[Directions] Find the line in the entries below that contains "Paperback Mindfulness and". Repeat it exactly, and every line after it through the line that contains "Koechlin Les Chants".

[Records for this exercise]
----

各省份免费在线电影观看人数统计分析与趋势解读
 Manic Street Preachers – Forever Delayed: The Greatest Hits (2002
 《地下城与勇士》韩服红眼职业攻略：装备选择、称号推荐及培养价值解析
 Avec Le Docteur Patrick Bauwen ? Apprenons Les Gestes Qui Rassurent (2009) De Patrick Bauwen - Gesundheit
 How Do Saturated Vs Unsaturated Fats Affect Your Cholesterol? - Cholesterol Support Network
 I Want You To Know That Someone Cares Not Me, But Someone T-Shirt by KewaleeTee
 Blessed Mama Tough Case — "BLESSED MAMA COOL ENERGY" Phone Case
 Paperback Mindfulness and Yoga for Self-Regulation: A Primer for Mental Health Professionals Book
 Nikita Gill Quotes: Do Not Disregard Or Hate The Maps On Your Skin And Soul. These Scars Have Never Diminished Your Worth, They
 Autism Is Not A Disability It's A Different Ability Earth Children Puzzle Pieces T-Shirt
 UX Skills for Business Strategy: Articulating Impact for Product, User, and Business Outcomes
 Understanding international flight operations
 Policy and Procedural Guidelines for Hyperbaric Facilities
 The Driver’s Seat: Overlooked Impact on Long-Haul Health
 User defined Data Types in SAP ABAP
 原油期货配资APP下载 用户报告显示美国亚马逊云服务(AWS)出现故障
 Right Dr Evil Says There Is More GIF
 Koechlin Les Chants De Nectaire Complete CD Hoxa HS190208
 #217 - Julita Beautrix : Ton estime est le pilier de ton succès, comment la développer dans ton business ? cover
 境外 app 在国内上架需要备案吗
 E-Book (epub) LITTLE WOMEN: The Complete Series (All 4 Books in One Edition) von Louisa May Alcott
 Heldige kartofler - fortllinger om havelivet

----

[Answer box]
 Paperback Mindfulness and Yoga for Self-Regulation: A Primer for Mental Health Professionals Book
 Nikita Gill Quotes: Do Not Disregard Or Hate The Maps On Your Skin And Soul. These Scars Have Never Diminished Your Worth, They
 Autism Is Not A Disability It's A Different Ability Earth Children Puzzle Pieces T-Shirt
 UX Skills for Business Strategy: Articulating Impact for Product, User, and Business Outcomes
 Understanding international flight operations
 Policy and Procedural Guidelines for Hyperbaric Facilities
 The Driver’s Seat: Overlooked Impact on Long-Haul Health
 User defined Data Types in SAP ABAP
 原油期货配资APP下载 用户报告显示美国亚马逊云服务(AWS)出现故障
 Right Dr Evil Says There Is More GIF
 Koechlin Les Chants De Nectaire Complete CD Hoxa HS190208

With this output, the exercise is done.